Now we will try the controller on the real system. The first thing we will do is create a new controller with a low-pass filter. This will allow us to smooth out high-frequency changes in the state of the robot, avoiding overreaction to quick fluctuations.

For the experiment, run the next cell, balance the pendulum on its upright position and then press enter (in that order).

In [None]:
# LQR test
a=robot
print(a)
T, X, U, U_des = sim.run_experiment(
    tf=tf,
    dt=dt,
    controller=controller,
    experiment_type="DoublePendulum",
    motors = motors # [shoulder, elbow]
    # actuated_joint="Both"
)
plot_timeseries(
    T,
    X,
    U,
    T_des=T,
    U_des=U_des,
    pos_y_lines=[0, np.pi],
    tau_y_lines=[-torque_limit[active_act], torque_limit[active_act]],
)

It is very likely that the first experiment failed. Often, the simulation and the real system have slight differences that make it necessary to tune the $Q$ and $R$ matrices for each separately. If the experiment failed, try modifying the cost matrices and running the experiment again until the controller can stabilize the system.
When the pendulum is able to stay upright, try to disturb it and see if it returns to the goal position.

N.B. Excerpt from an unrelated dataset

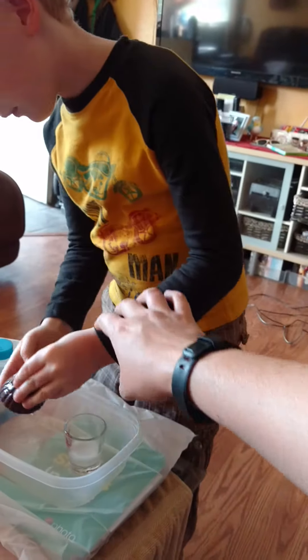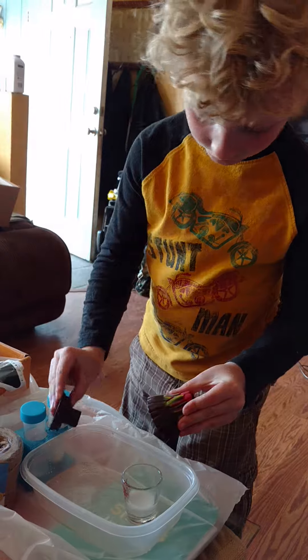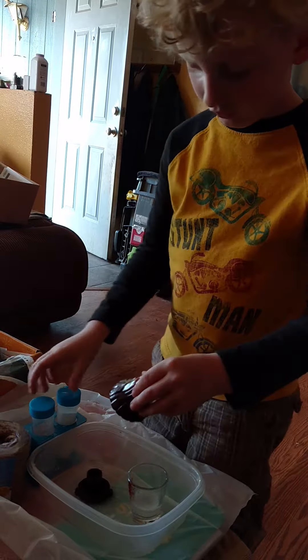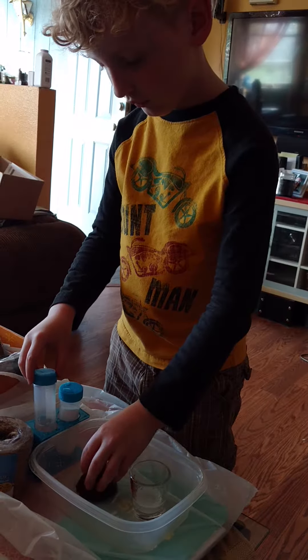Dump that out. Dump it out? Mm-hmm. There you go. Now put baking soda in there — there is a little. Is there a little? Okay.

## 3. Region of Attraction

As we saw, this controller is generally only able to stabilize the double pendulum if the initial state is close to the setpoint. We can approximate a set of initial states that will result in the system being stabilized. This set receives the name **Region of Attraction (RoA)**

LaSalle's invariance principle states that if, for a system with continuous dynamics defined by $\dot{x} = f(x)$, we can produce a scalar function $V(x)$ with continuous derivatives for which we have:

- $V(\mathbf{x})>0 \;\;\; \forall \mathbf{x} \in \mathcal{G}, \mathbf{x} \neq \mathbf{0}$ and $V(\mathbf{0}) = 0$
- $\dot{V}(\mathbf{x}) \leq 0 \;\;\; \forall \mathbf{x} \in \mathcal{G}$

then, the origin is locally asymptotically stable and set $\mathcal{G}$ is contained within its region of attraction.

We can exploit this information to narrow down a set which is entirely within the region of attraction of the origin $x = \left[ \begin{matrix} \pi & 0 & 0 & 0\end{matrix} \right]^T$. A simple way of doing so is to pick a shape for set $\mathcal{G}$ and scale it so that it is within the region of attraction. 

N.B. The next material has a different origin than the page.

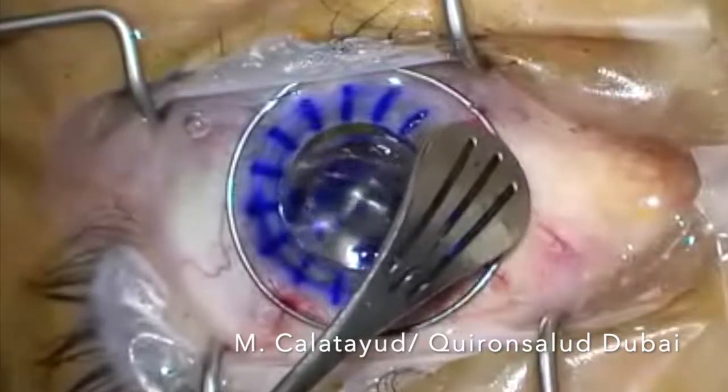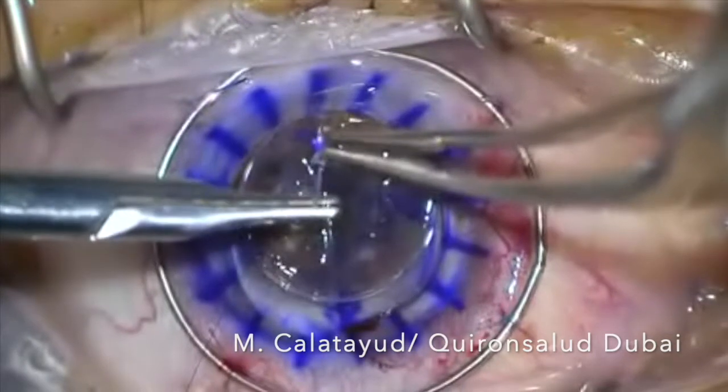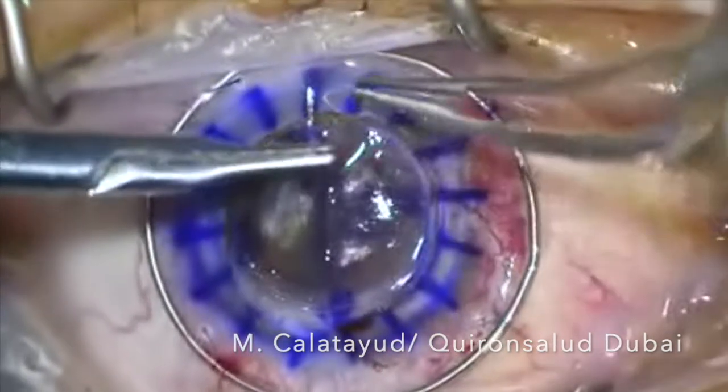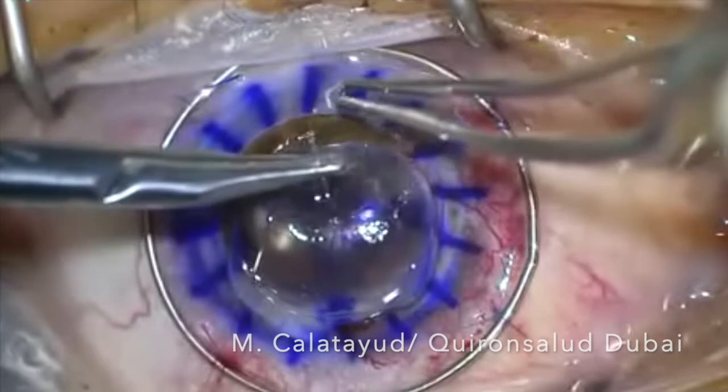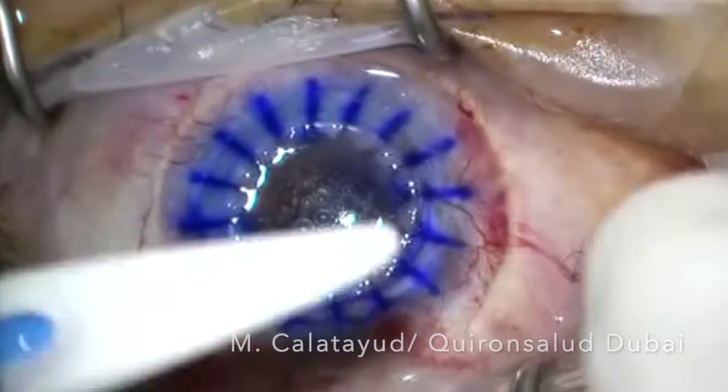We implanted a nearing ring, which is a peripheral ring that avoids vascularization of the graft, which is very important in our patient due to superficial and deep vessels invading the donor area.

We will use an ellipsoid centered on the origin and defined by:

$$
V(\mathbf{x}) \leq \rho
$$

For our $V(\mathbf{x})$ function we will use the optimal cost-to-go. Explicitly, this means that $V(\mathbf{x}) = \mathbf{x}^T S \mathbf{x}$.

To find the value of $\rho$ that provides the largest region of attraction guaranteeing stability, we can follow the procedure:

- Set an initial value of $\rho$ which we know is unrealistically large.
- Start sampling points from inside the ellipsoid. If at that point the conditions outlined in LaSalle's invariance principle hold, that point is part of the region of attraction. If LaSalle's principle of invariance does not hold for that point, we reduce the size of the ellipsoid until the point is no longer in it.
- We repeat the previous step until we converge to the largest ellipsoid which only contains points in the region of attraction.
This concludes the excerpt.